Gómez later won the WBC world featherweight title by beating Juan Laporte, the fellow Puerto Rican who had won the vacant title after Sanchez had died, with a twelve-rounds unanimous decision on March 31, 1984. He lost that title to Azumah Nelson on his first defense by eleventh round knockout on December 8 of that year, then won the WBA world Junior Lightweight title by defeating Rocky Lockridge by a close, majority fifteen round decision on May 19, 1985. He also lost that title on his first defense, beaten by Panama's Alfredo Layne by ninth round knockout on May 24, 1986. After two additional wins, Gómez retired with a record of 44 wins, 3 losses and 1 draw (tie), 42 of his wins by way of knockout.

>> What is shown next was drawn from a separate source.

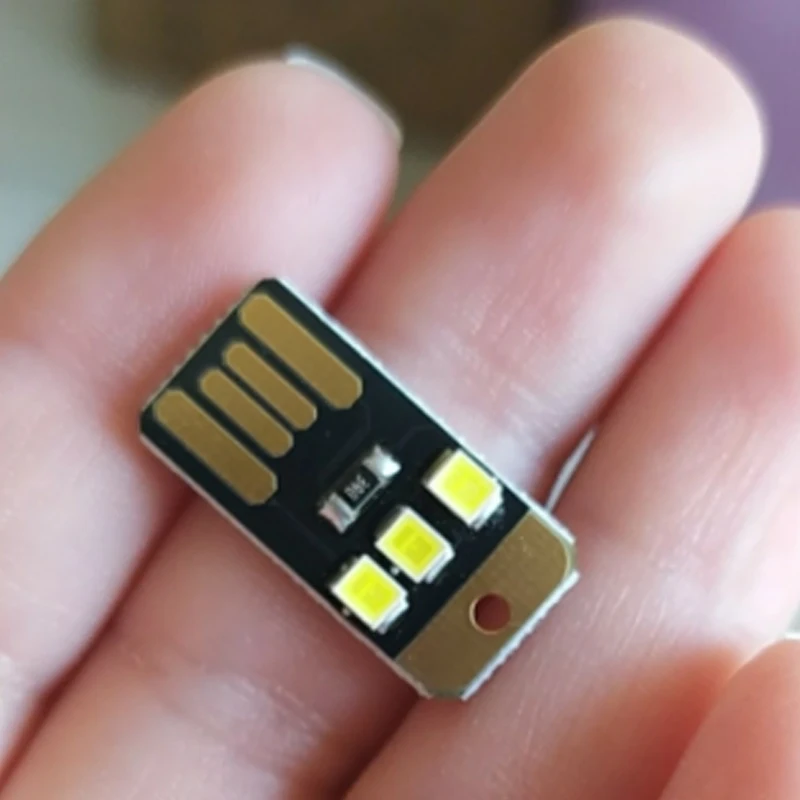 Миниатюрный USB светодиодный светильник портативная энергосберегающая карманная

Gómez moved to Venezuela and ran into personal problems, including a stint in jail for drug possession, and a visit to a rehabilitation center in Colombia, but he rebounded, found religion in his life and in 1998 declared himself a newborn Christian.

In 1995, Gómez joined Zárate as members of the International Boxing Hall of Fame.

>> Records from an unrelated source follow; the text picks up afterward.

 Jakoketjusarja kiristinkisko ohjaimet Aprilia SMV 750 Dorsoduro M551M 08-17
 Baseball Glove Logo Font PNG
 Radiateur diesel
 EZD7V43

For his part, Carlos Zárate Serna, no longer undefeated, returned to the bantamweight division, where he made two controversial defenses. The first, against John Kohjo Mensan, was controversial because the challenger was alleged to be 45-2 coming in but was 1-4 instead. Zárate easily won this fight by a third round knockout on March 10, 1979. And, after a non title victory over debuting Celso Chairez, Zárate faced former stablemate Lupe Pintor, by then the number one bantamweight challenger by the WBC with a record of 38 wins and 4 losses, with 32 knockout wins. After dropping Pintor in round four, Zárate lost a split decision-and with that his WBC world title-that many observers thought he should have won; one judge gave him the fight by twelve points at 145-133 but the two other judges saw him lose by 143-142 scores each. Disgusted by the scoring of that bout, Zárate retired and bowed to never again return to boxing but he was forced to return in 1986 due to financial troubles. Zárate fought for world titles again twice but lost to Jeff Fenech, again attempting to become the WBC's world super bantamweight champion, by fourth round technical decision in Australia, October 16, 1987, and to Daniel Zaragoza by a tenth round technical knockout at the Great Western Forum in Inglewood, California on February 29, 1988, also for the WBC super bantamweight title which by then had been vacated by Fenech. Zárate won 66 fights and lost 4, with 63 wins by knockout.

Zárate also faced several personal problems: he eventually developed an addiction to cocaine which saw him lose his luxury home and boat; he had an estimated 18 million Mexican pesos at one time but owed 5 million pesos to the government, which added to his personal troubles. Zárate even tried to promote a series of programs and contests involving the giving away of boxing gloves signed by himself as well as fellow Mexican boxing legends Rubén Olivares and Humberto Gonzalez but, due to his instability, nothing came to fruition. Zárate considered committing suicide by jumping off a building, but he asked the WBC for help and was promptly put into a rehabilitation program. Zárate claimed that he recovered his family and has also become a newborn Christian. He also claims to have found happiness in life.

Carlos Zárate was inducted into the International Boxing Hall of Fame one year before Gómez, in 1994.

Zárate and Gómez, a frequent visitor to Mexico where he has been invited several times by the family of late rival Salvador Sanchez, became friends and Zárate has himself on occasion visited Gómez in Puerto Rico.